Choose Foods High in B Vitamins
B vitamins must be replenished every day via our diet. These are essential for optimal energy production and normal metabolism function. Some options here include fish, eggs, poultry, whole grains, leafy greens and beans.
Incorporate Vitamin K Rich Foods
Vitamin K plays an important role in blood clotting by making various proteins involved in this process. This is even more important for those with hemophilia, who may not produce enough of the proteins needed for clotting.
Try including more of these foods in your diet for ample vitamin K:
- Olive Oil.
- Soybean and canola oil.
Signs of Hemophilia
Hemophilia can be hard to spot, especially if it’s very mild and the deficiency of clotting proteins isn’t severe. However, some common signs include:
- Excessive and unexplained bleeding.
- Large and deep bruises.
- Heavy bleeding after vaccination.
- Pain or swelling in the joints.
- Blood in stool or urine.
- Sudden, unexplained nosebleeds.
If you notice any of the above, it’s important to see your doctor immediately so that you can determine the best way forward. They will determine the appropriate course of treatment and management for this condition based on your specific health history and situation.
Using NovoMedLink for Hemophilia Support
Novomedlink offers valuable support for individuals managing hemophilia, a genetic bleeding disorder. This innovative platform promotes better management of the condition by providing a centralized space for patients to track and monitor their health data, such as bleeding episodes, treatment plans and medication schedules. By offering a comprehensive overview of their health status, Novomedlink empowers patients with hemophilia to make informed decisions about their care.
Treatment for Hemophilia
Usually, treatment involves replacing the missing clotting factors. This may be ongoing therapy that is required at certain intervals, especially in more severe cases. Yet, other treatment options may include:
- Novomedlink: Novomedlink can stop bleeding when it happens, effectively preventing extreme blood loss. This can be used during vaccinations, surgery and more.
- Desmopressin: This is often used for mild cases and is a hormone that stimulates the body to produce the missing clotting factor.
- Clot-Preserving Medications: Frequently called antifibrinolytics, these types of medications prevent the breakdown of clots in the body.
- Fibrin Sealants: For fast and effective resolution of bleeding, these can be used and applied directly on a wound. These are more often used in dental work.
- Physical Therapy: This treatment avenue depends on the severity of one’s condition. If the bleeding has led to joint pain, physical therapy can help you find ways to manage it effectively.

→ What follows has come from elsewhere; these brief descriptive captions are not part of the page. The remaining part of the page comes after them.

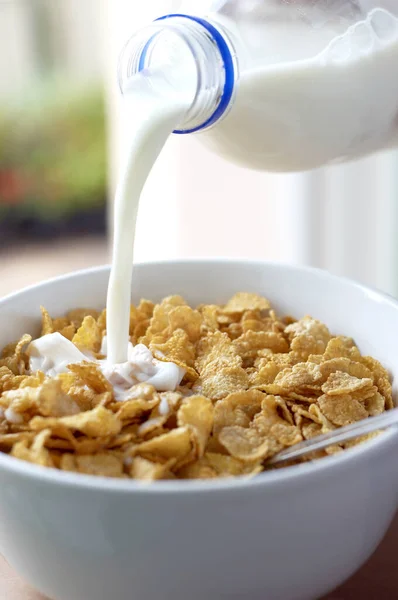 Una Botella Leche Que Vierte Tazón Cereal — Foto de Stock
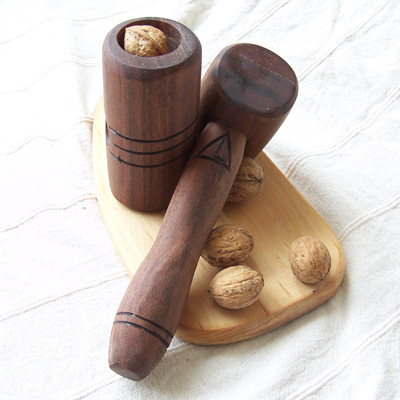 [nutcracker_nuts.jpg]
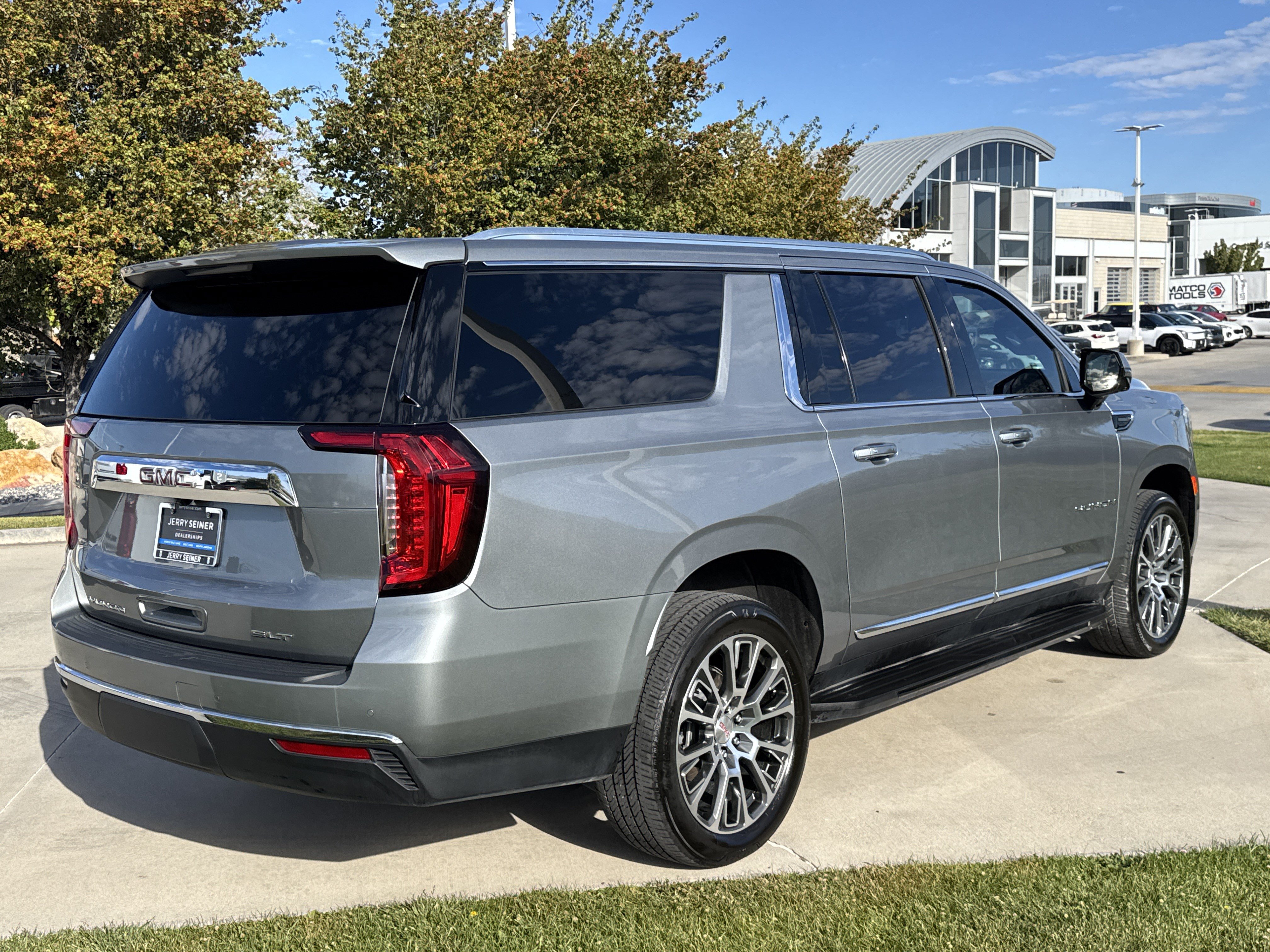 Used 2023 GMC Yukon XL SLT w/ SLT Premium Package AWD/4WD image 5
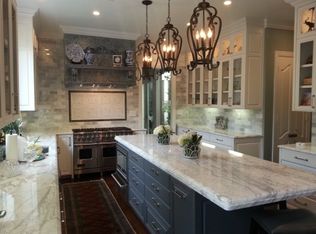 2 Rue Du Lac St, Dallas, TX 75230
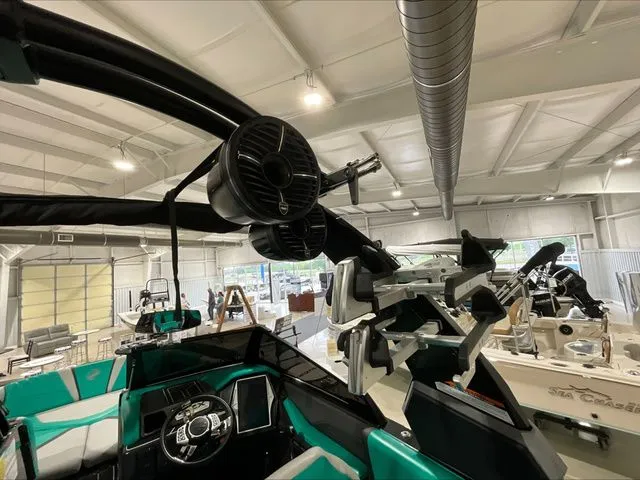 Slide: The Image of Tigé 23RZX 2021 - 4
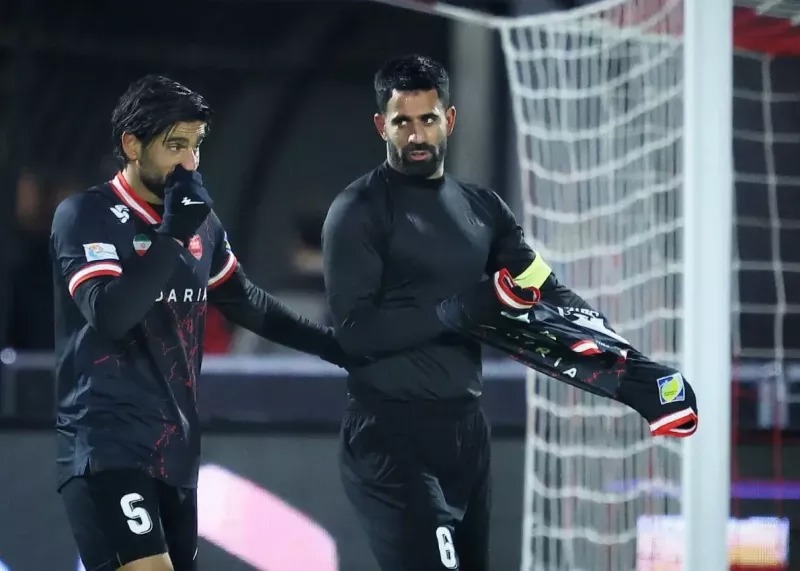 دریبل جوان بیست ساله؛ کنعانی در تاکسی خالی!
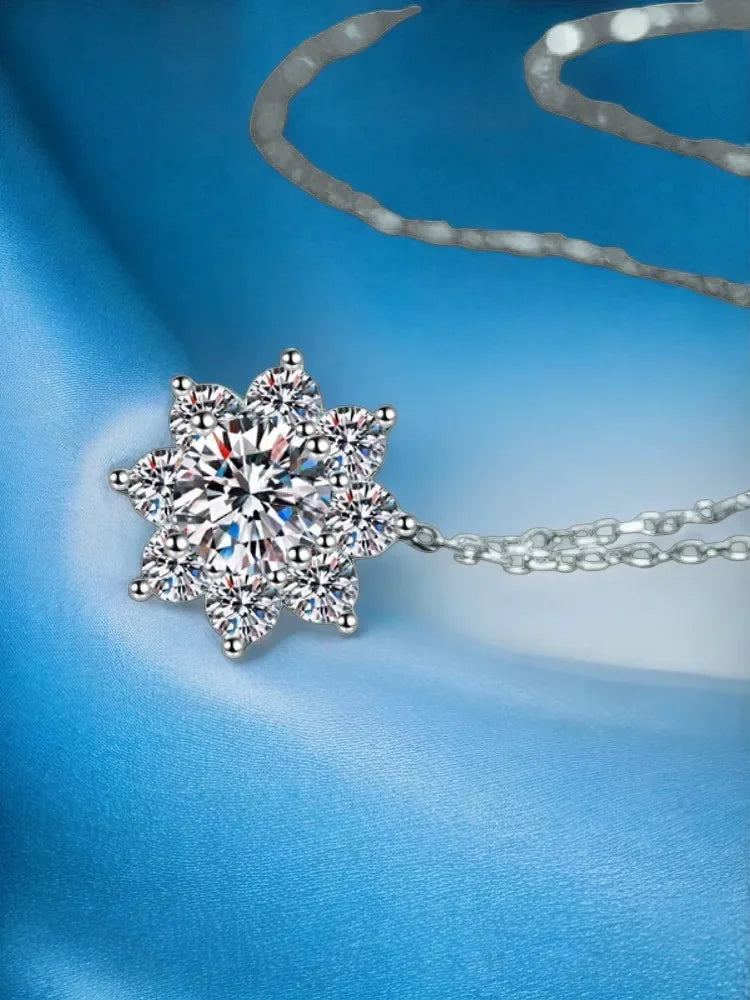 Certified Moissanite Sterling 925 Silver Fashion Sense of Design Sunflower Pendant Necklace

On top of medical interventions, your doctor may recommend a few lifestyle changes to help better manage your condition and improve your quality of life. These include:
- Regular Exercise: Exercise can help reduce any associated joint pain. Again, working with a physical therapist to come up with a suitable exercise plan can be beneficial.
- Avoidance of Certain Medications: Some common over-the-counter medications, such as ibuprofen and aspirin, can increase bleeds. It’s best to avoid taking these and find other options, like acetaminophen.

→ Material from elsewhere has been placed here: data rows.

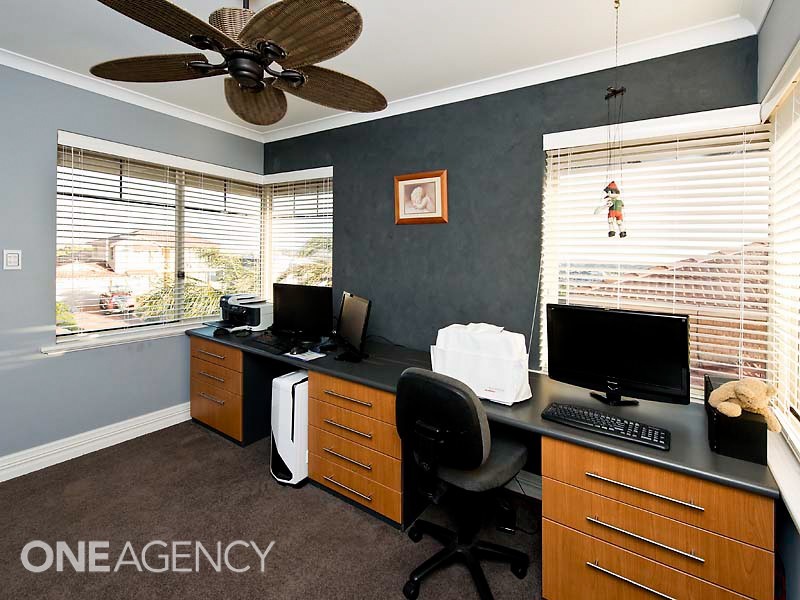 27 Longreach Parade, Coogee WA 6166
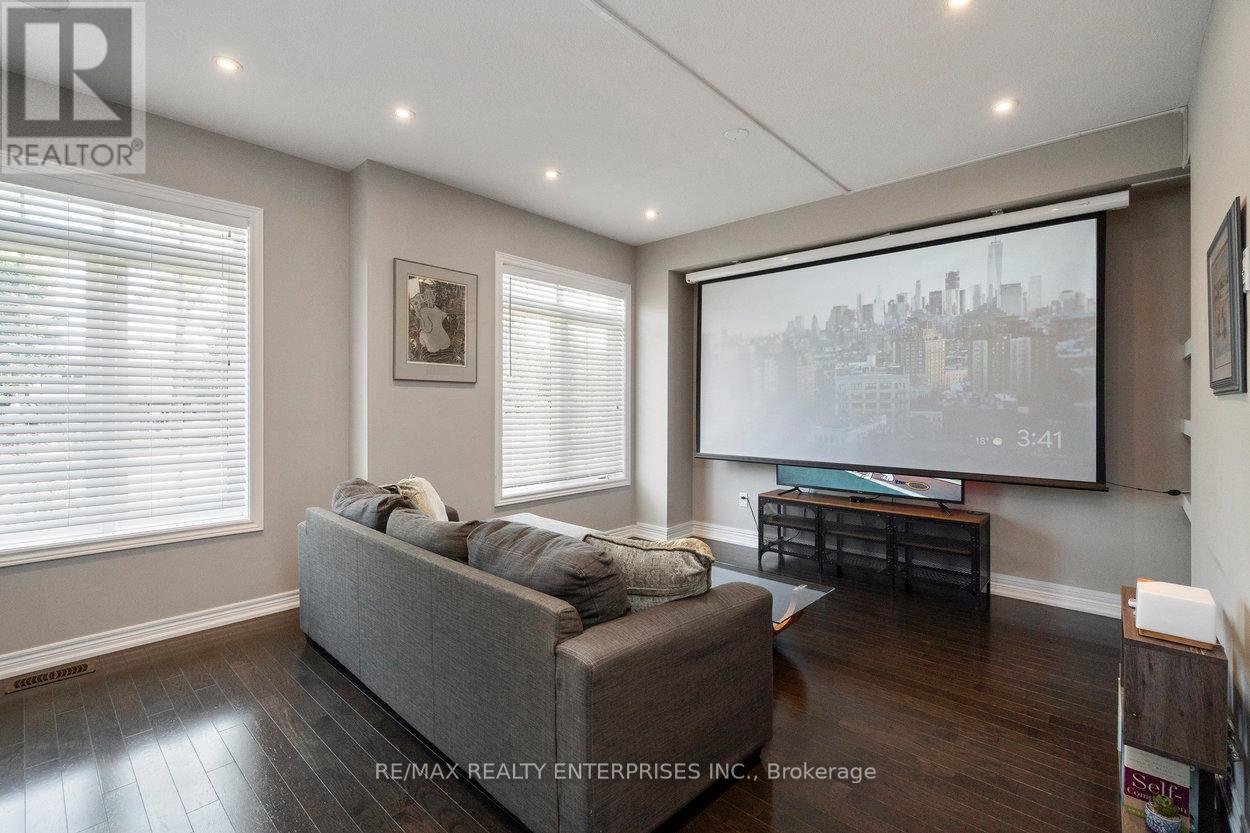 9 - 215 Dundas Street E, Hamilton, ON - Indoor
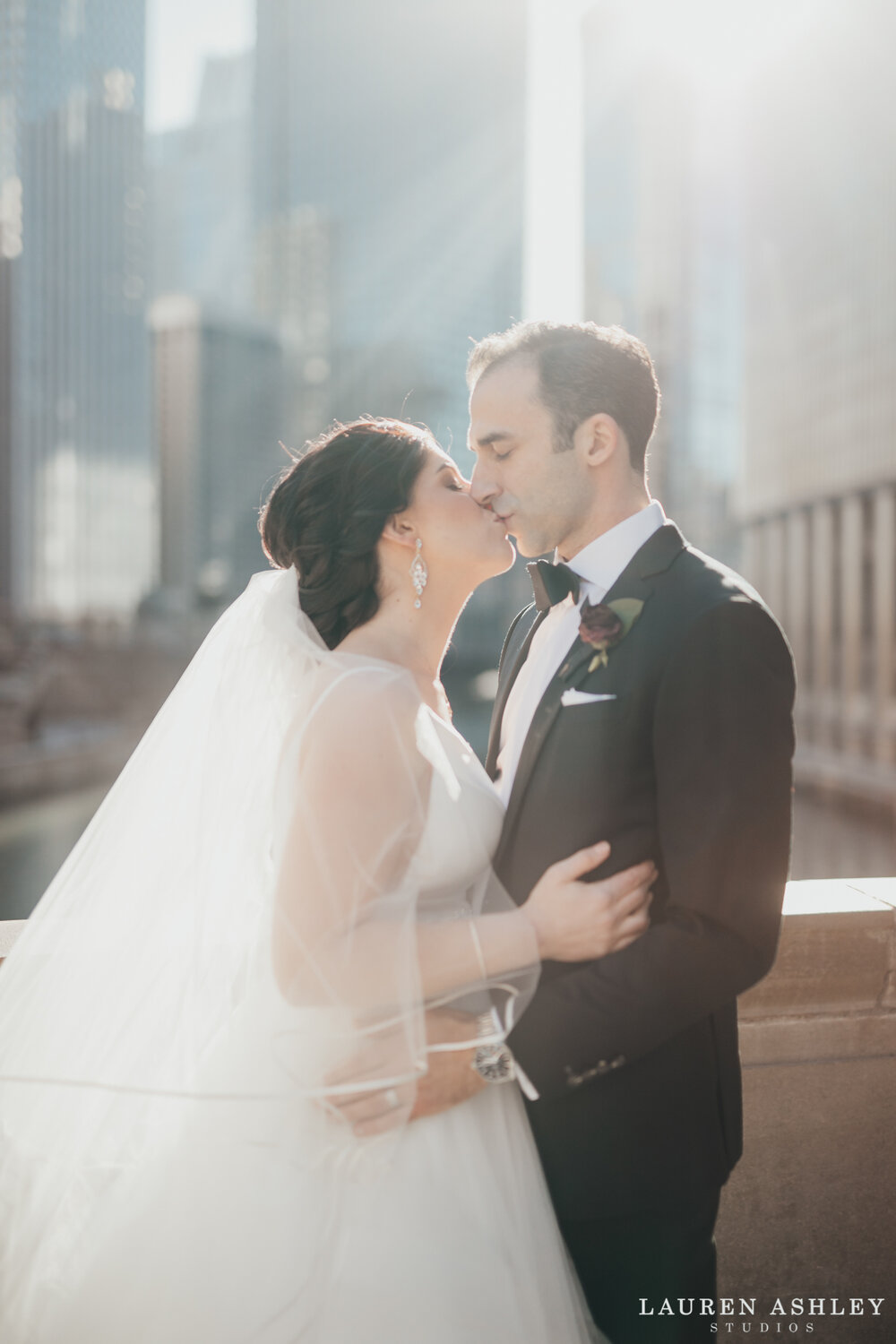 intercontinental-chicago-high-end-michigan-ave-magnificent-mile-wedding-chicago-wedding-photography-67.jpg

- Don’t Use Blood Thinners: While your doctor and pharmacist should note this right away, make sure others around you, such as your emergency contact, know that blood thinners aren’t a good combination with hemophilia.
- Protect Yourself from Injuries: It might be best to avoid excessive contact sports and opt for gentler physical activity to avoid unwanted bleeds from injuries. Always wear proper protective gear as well.
- Wear a Medical Alert Bracelet: If anything happens, this will alert medical personnel of your condition, helping them give you the best care possible.
Hemophilia can sound like a scary diagnosis. While most are diagnosed in their first year of life, it can be diagnosed later on, too. Either way, it’s important to understand how to protect yourself and manage your condition to the best of your capabilities. This will ensure you lead a long, happy and healthy life.